▶ **Work instructions**
Only the lines from the start of the data through the line containing "Master Bathroom (Upper" should be written out, exactly as they are, with both ends included and the pictures left out.

▶ **Record extracts**
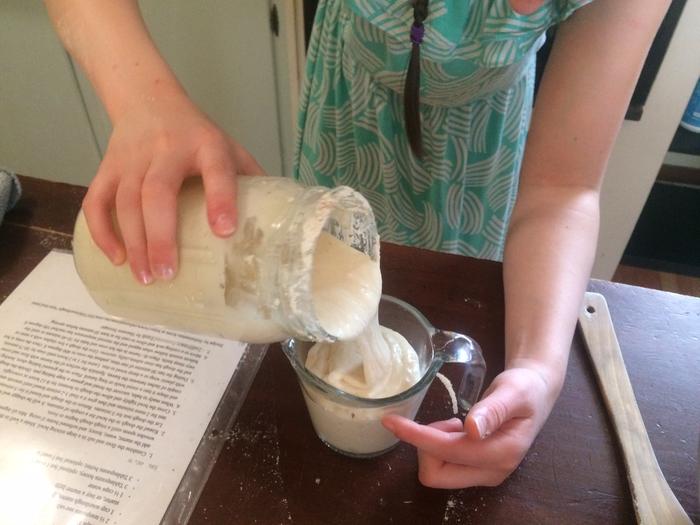 pouring sourdough starter 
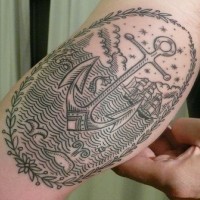 Black ink nautical tattoo on arm
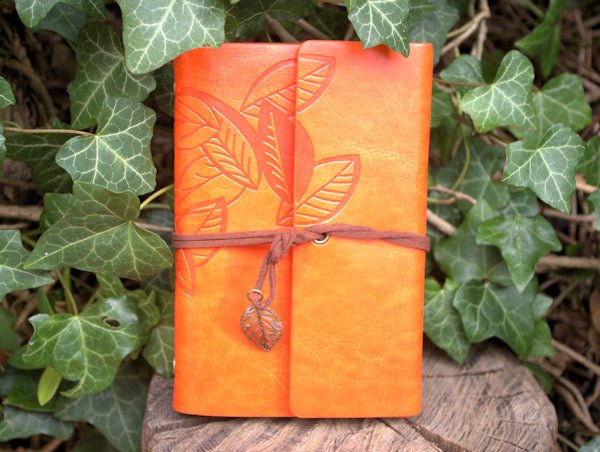 A6 ring binder Notebook with Leaf motif and paper held in clip binder loops  Hugginsattic Orange   [Huggins attic]
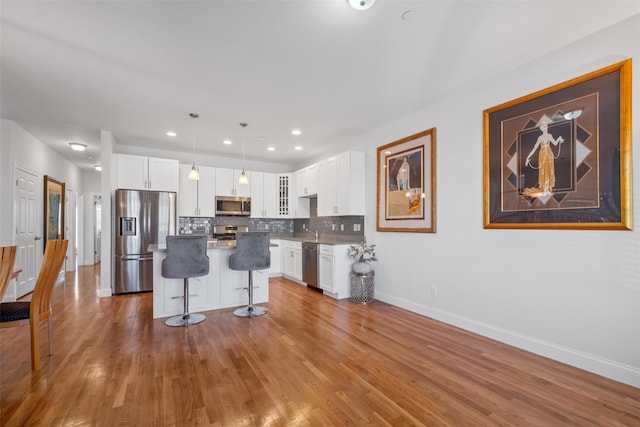 kitchen with a breakfast bar, backsplash, appliances with stainless steel finishes, white cabinets, and wood finished floors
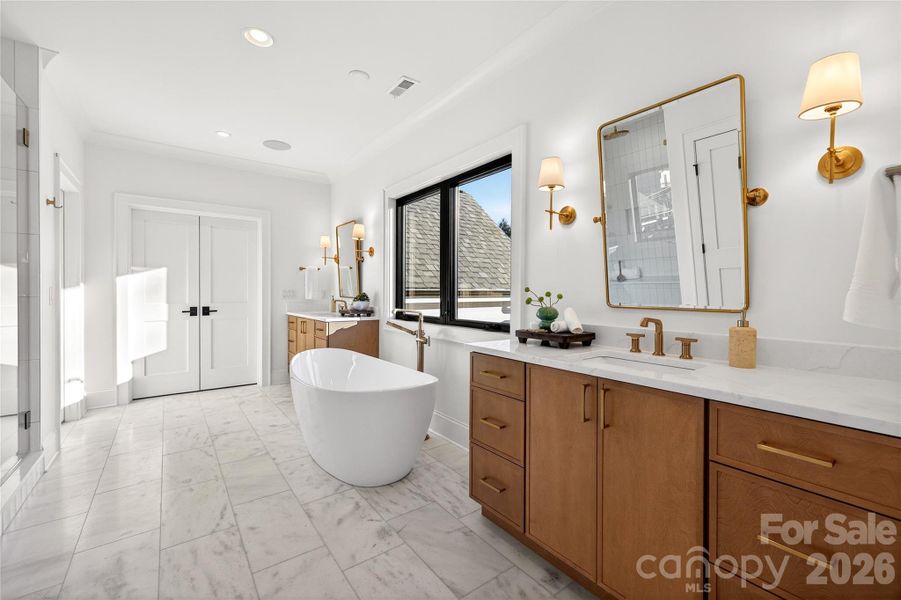Master Bathroom (Upper Level). Gorgeous freestanding tub in center of room. Large shower with rainforest shower head across from tub. 2 vanity sinks.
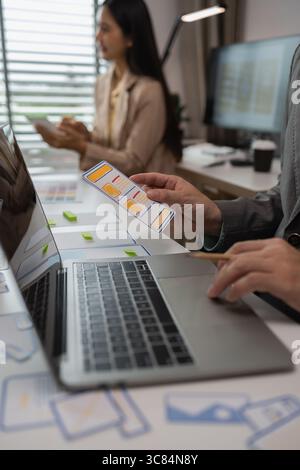 drawing website ux ui app for mobile phone application and development template layout, UI development, designer team working on a project of ux ui in Stock Photo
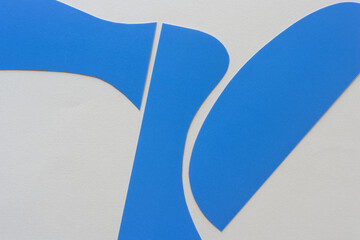 Poster - cut blue paper shapes arranged on blank paper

▶ **Reply to the task**
 pouring sourdough starter 
 Black ink nautical tattoo on arm
 A6 ring binder Notebook with Leaf motif and paper held in clip binder loops  Hugginsattic Orange   [Huggins attic]
 kitchen with a breakfast bar, backsplash, appliances with stainless steel finishes, white cabinets, and wood finished floors
Master Bathroom (Upper Level). Gorgeous freestanding tub in center of room. Large shower with rainforest shower head across from tub. 2 vanity sinks.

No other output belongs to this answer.